§ About this task:
Please give the lines below again exactly as they stand, from the one that contains "Designer Fashion Clothing" up to and including the one that contains "Sommier à lattes", leaving all pictures out.

------ Data provided

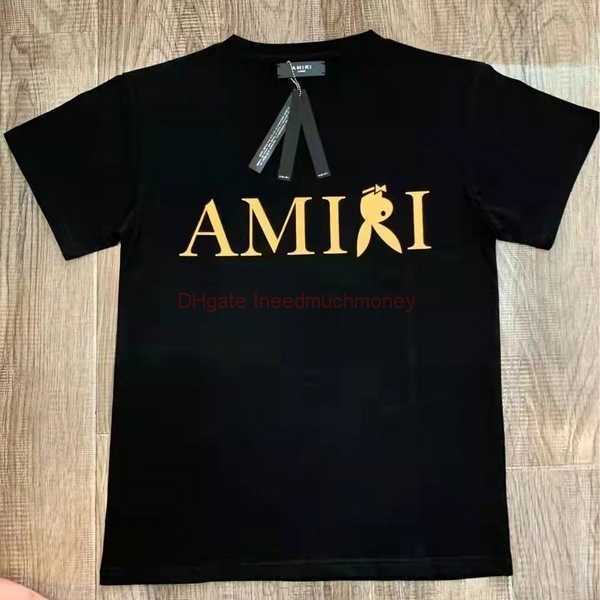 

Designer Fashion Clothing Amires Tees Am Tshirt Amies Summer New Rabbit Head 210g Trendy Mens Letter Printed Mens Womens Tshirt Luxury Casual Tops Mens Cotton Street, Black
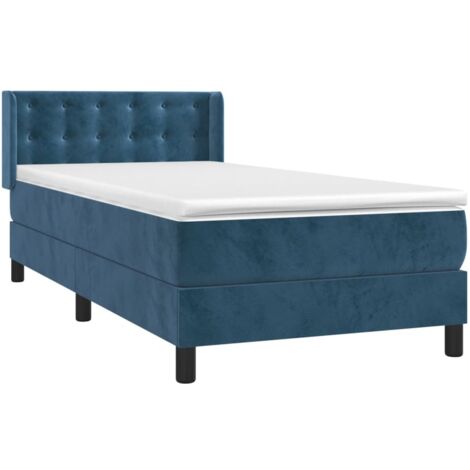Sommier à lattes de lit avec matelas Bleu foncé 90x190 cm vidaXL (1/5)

------------
------ Data provided

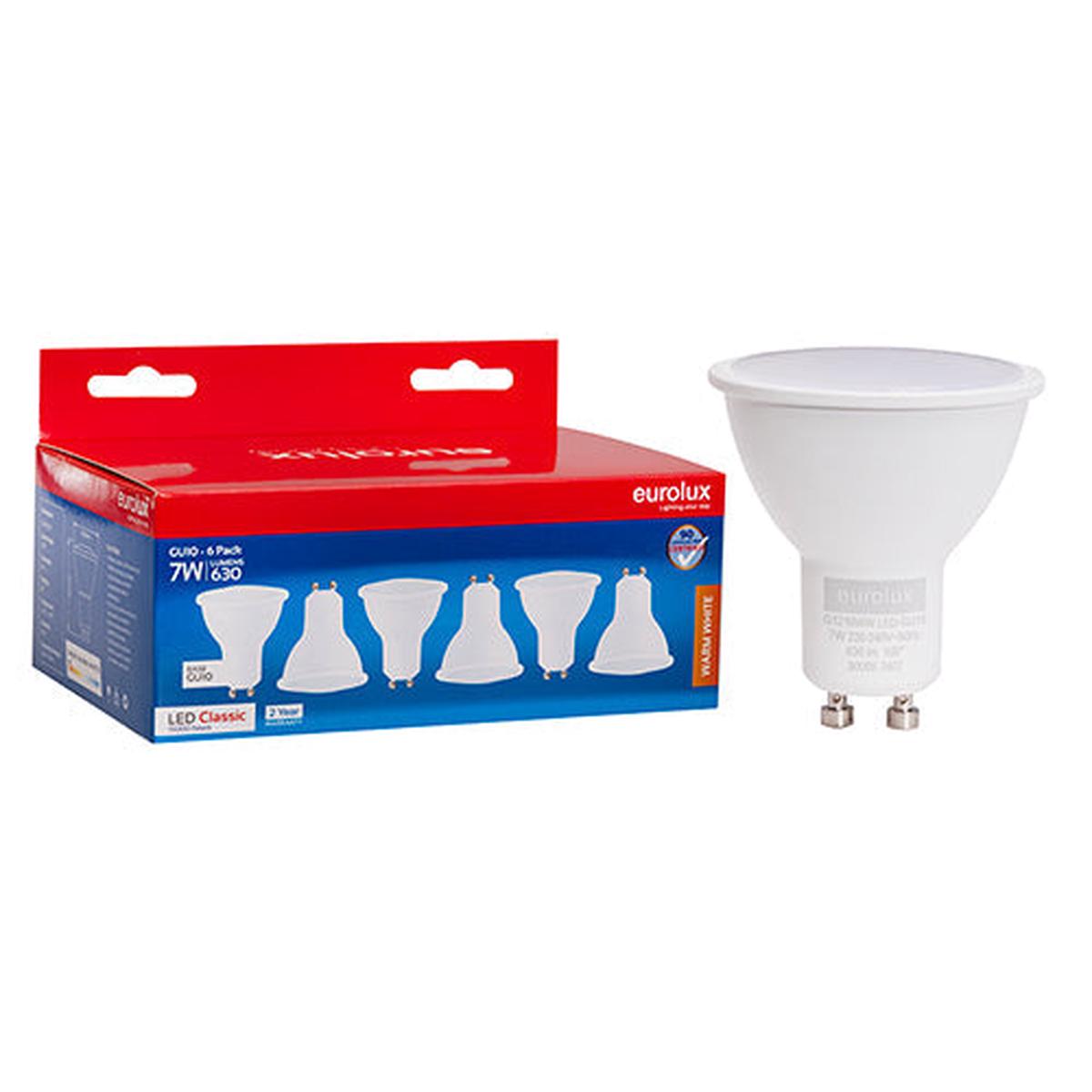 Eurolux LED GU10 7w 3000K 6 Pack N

------------

§ Task solution:
Designer Fashion Clothing Amires Tees Am Tshirt Amies Summer New Rabbit Head 210g Trendy Mens Letter Printed Mens Womens Tshirt Luxury Casual Tops Mens Cotton Street, Black
Sommier à lattes de lit avec matelas Bleu foncé 90x190 cm vidaXL (1/5)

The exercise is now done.